У Руди все лицо было залито кровью, которая текла из разбитого носа. И уже начал заплывать глаз. Воротник форменной рубашки был оторван, а повязка на рукаве сбилась и болталась у самого запястья, скрывая нацистский символ в складках ткани.

— Я нес тебе письмо, — сказал Руди, по-прежнему не поднимая на нее взгляд. — Письмо от господина Рихарда. Сегодня получил. Хотел побыстрее принести. Чтобы порадовать тебя…

Он посмотрел на нее, вдруг резко подняв голову, и Лена увидела, что у него дрожат губы. Поэтому быстро шагнула к нему и взяла за руку. Стиснула его мокрую от пота ладонь на какие-то секунды. А потом потащила за собой, подальше от тела шупо, на которое оба старались не смотреть. Точно также вместе спешно и суетливо собрали свертки, которые по-прежнему валялись недалеко от места, где они оставили тело полицейского. Лена каждую минуту ждала окрика, который застиг бы их вдвоем с Руди на месте преступления, но в лесу царила привычная тишина. Только редкие трели птиц и стук дятла. Словно и не было ничего.
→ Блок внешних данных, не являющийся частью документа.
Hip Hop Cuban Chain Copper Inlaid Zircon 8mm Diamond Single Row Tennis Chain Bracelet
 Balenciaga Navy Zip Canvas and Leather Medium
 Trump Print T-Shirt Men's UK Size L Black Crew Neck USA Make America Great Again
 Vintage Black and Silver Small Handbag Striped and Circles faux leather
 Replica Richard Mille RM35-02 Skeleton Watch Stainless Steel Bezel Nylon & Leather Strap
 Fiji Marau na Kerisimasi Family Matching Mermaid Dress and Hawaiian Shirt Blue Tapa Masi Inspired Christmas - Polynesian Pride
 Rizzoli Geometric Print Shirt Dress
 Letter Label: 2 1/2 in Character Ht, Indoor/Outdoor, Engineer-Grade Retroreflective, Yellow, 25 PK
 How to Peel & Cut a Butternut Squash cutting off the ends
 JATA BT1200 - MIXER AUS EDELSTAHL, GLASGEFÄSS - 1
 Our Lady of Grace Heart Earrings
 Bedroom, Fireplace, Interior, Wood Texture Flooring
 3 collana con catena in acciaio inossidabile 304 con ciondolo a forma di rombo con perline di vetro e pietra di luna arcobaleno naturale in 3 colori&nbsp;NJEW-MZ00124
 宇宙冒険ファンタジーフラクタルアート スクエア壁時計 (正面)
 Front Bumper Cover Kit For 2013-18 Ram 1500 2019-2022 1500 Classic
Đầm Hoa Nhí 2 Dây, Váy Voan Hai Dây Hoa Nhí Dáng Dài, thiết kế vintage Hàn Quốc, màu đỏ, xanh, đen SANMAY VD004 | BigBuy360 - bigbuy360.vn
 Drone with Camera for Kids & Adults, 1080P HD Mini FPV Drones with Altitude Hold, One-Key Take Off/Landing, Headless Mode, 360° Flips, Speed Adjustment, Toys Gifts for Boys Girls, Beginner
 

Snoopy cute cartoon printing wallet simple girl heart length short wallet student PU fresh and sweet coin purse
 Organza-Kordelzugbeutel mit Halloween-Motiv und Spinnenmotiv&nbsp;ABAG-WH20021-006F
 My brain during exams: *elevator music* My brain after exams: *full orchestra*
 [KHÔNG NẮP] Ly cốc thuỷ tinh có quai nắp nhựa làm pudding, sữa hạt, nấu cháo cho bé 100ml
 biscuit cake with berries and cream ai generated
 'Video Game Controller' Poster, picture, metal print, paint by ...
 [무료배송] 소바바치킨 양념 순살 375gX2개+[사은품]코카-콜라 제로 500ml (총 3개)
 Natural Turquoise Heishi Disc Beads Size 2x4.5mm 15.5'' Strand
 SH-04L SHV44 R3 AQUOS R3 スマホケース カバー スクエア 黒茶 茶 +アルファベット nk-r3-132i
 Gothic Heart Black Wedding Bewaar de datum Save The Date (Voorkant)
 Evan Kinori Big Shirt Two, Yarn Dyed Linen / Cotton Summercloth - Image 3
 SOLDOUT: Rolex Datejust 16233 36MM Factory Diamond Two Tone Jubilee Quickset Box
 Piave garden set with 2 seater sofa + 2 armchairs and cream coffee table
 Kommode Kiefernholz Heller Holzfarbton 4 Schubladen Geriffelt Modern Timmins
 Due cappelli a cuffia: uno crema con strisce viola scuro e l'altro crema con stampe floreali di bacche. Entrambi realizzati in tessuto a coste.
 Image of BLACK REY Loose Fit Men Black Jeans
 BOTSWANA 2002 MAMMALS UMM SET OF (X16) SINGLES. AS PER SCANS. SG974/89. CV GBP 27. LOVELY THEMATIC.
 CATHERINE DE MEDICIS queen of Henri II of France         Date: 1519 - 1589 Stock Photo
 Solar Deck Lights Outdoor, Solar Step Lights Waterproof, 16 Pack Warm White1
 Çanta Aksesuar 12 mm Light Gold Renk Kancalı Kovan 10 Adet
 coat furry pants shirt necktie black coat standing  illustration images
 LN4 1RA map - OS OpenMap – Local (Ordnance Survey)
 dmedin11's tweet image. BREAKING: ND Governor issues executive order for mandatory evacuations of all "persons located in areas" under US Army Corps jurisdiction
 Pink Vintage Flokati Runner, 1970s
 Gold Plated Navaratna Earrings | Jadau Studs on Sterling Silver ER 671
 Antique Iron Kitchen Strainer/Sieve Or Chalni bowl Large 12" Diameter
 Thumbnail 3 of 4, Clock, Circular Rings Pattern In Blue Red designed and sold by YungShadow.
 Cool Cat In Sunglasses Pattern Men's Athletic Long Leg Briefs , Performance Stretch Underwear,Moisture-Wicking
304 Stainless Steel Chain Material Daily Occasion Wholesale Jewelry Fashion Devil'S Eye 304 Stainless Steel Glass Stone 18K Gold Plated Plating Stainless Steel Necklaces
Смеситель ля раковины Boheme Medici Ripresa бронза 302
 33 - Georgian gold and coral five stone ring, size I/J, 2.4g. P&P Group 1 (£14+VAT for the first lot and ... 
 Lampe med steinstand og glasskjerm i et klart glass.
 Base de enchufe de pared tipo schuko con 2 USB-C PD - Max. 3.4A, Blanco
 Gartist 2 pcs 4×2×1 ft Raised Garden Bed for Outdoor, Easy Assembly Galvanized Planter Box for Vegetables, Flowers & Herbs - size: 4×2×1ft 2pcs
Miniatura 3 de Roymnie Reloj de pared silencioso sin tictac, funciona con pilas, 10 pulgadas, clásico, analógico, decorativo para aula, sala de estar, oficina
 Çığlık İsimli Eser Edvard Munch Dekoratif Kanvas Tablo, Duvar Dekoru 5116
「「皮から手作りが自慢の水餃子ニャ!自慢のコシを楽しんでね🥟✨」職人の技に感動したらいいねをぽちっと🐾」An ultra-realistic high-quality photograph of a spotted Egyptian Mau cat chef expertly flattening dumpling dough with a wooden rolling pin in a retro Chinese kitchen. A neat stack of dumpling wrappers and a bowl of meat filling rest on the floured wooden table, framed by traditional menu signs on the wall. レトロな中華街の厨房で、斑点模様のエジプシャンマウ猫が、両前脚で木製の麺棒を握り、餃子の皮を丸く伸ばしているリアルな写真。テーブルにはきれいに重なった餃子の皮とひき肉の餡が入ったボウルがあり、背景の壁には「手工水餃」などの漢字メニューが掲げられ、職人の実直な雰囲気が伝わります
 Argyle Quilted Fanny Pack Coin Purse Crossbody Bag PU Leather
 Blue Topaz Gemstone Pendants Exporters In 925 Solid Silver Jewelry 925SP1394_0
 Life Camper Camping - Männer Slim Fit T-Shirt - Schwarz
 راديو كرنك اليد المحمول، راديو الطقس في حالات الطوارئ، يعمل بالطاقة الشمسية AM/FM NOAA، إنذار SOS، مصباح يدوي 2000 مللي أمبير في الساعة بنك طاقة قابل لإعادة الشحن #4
Когда подняли с земли последний сверток, Лена заметила, что Руди заплакал беззвучно. Слезы стекали по его лицу и смешивались с тонкими ручейками крови, которая все текла и текла из его разбитого носа. Он не мог явиться домой в таком виде. Да и ей нельзя было возвращаться в Розенбург в крови. Поэтому она повела его за руку как маленького ребенка к озеру, надеясь, что в парке имения им не попадется навстречу ни Иоганн на прогулке, ни отец Руди, занятый работами.

Им повезло. На берег озера они вышли незамеченными. Лена оторвала дрожащими руками от подола своего грязного и разорванного платья два куска ткани и смочила их в ледяной воде. Один она приложила к своему лицу, чтобы не разлился кровоподтек под кожей. Второй отдала Руди, чтобы он приложил к носу и остановил кровотечение.

— Что теперь будет? — спросил Руди. В его голосе снова ясно слышался страх и неподдельная тревога. — После того, что мы сделали…

Что будет? Если кто-то узнает о том, что она убила немца, ей не избежать смерти. За ней придут в Розенбург и после долгих пыток повесят на площади с табличкой, на которой напишут, что она посмела отнять жизнь арийца.

— Я не знаю, — ответила вместо этого Лена, чувствуя, как в груди нарастает паника. Но одно она знала твердо. Если и погибать, то одной, не тянуть за собой этого мальчика в бездну. — Руди, что бы ни случилось, ты не должен говорить, что был там. Я сделала это. Только я…

— Но я был. И ударил первым, — упрямо сказал мальчик, поджав решительно дрожащие губы. — Потому что он заслужил это. Он не должен был… и я бы… я бы все равно сделал это… потому что все, что он делал с тобой там, это неправильно…

И тут Руди снова заплакал. Лена видела, что он ненавидит себя за эти слезы, за слабость, которую считает для себя недопустимой, и не могла не обнять его, своего маленького рыцаря, смело и отчаянно бросившегося ей на помощь невзирая на последствия. То ли ее объятие успокоило Руди, то ли он сам сумел прийти в себя, но спустя пару минут мальчик отстранился от ее рук.

— Ты должна идти. Мама будет недовольна, если ты опоздаешь. И накажет тебя.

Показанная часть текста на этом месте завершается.